Over on the Future Classic Stage William Doyle (aka East India Youth) began his set by beckoning everyone to the front of the stage and announcing (tongue in cheek) his last ever Australian show. Displaying to Laneway that he's more that just a button pushing DJ, Doyle stepped up to the microphone, strapped on a Fender Bass, mixed live and treated punters to a set worthy of a much later time slot.

Playing to a Laneway that is at complete gridlock, Japanese Wallpaper impresses with his trademark ambient but intricate electronica. It's obvious that everyone is in attendance for his final track when hands rise into the air for Between Friends.

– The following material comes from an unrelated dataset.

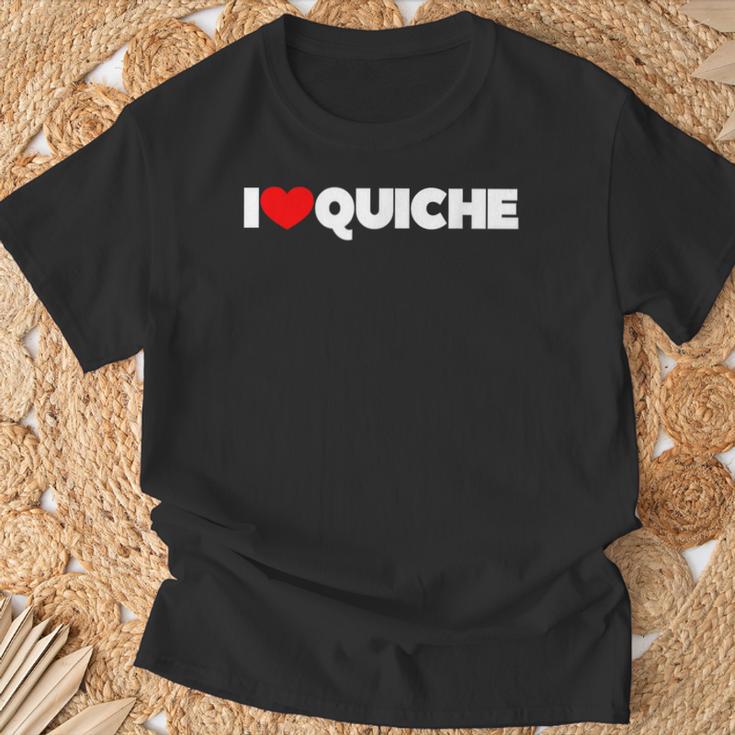 I Love ハート キッシュ Tシャツ 高齢者への贈り物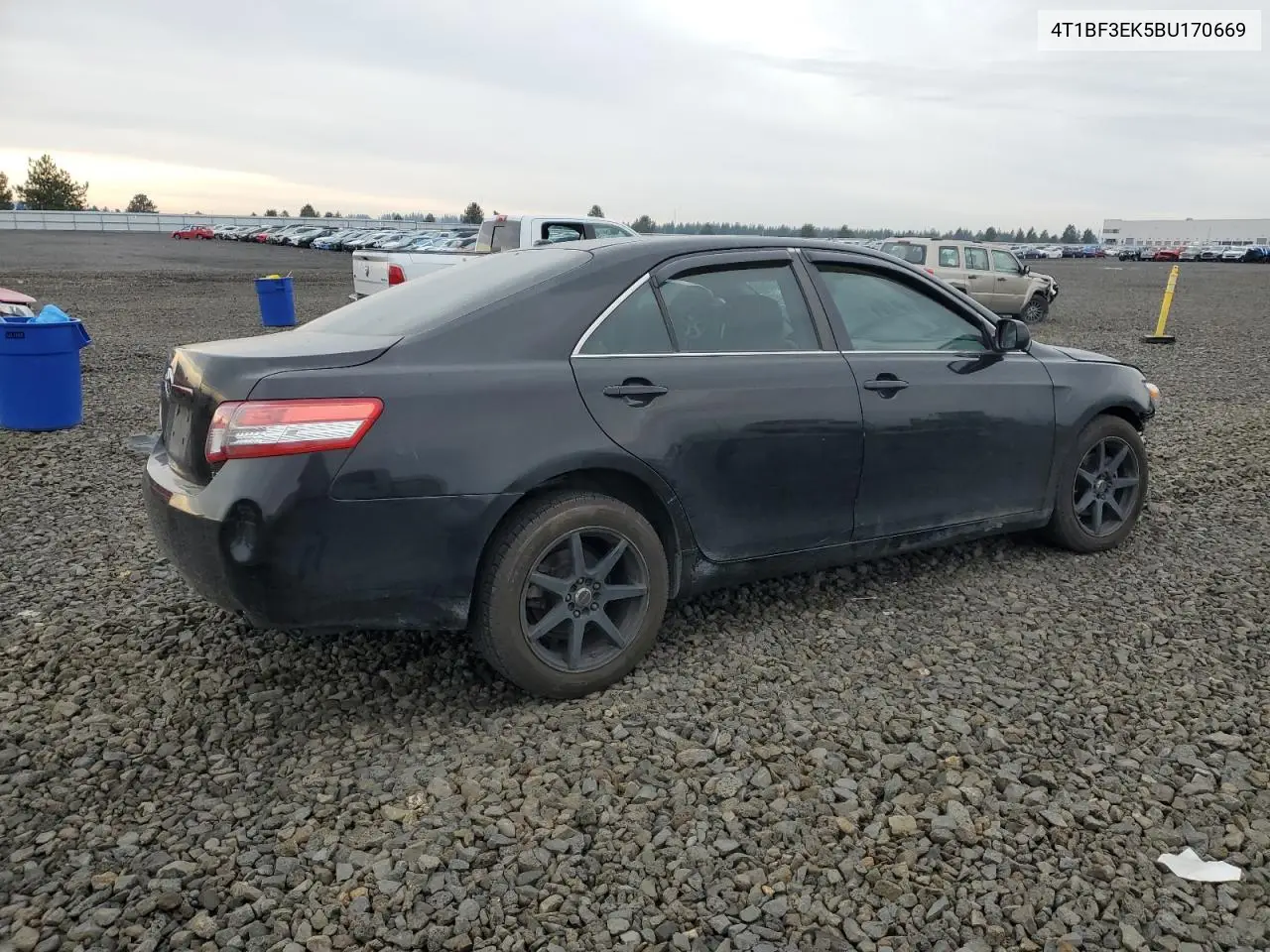 4T1BF3EK5BU170669 2011 Toyota Camry Base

Although the early half of DIIV was heavily dampened by guitar and foldback issues, the New York outfit worked in the sparkling riffs of Under The Sun and Dopamine to full effect. Zachary Cole Smith proclaimed, 'This is the worst we've sounded at any Laneway, but it's ok because it's the last Laneway.' Certainly not the best we've seen from DIIV, but the hard-hitting hostility of Incarnate Devil and Mire (Grant's Song) helped smooth things over.

LA skate punks FIDLAR know how to start a party; the sounds of Cheap Beer, 40oz On Repeat and 5 To 9 were irresistible to dance to. Rambunctious blasts of sweat drenched bravado from Zac Carper and the odd cat-inspired Weezer cover made sure their mark was left on the day.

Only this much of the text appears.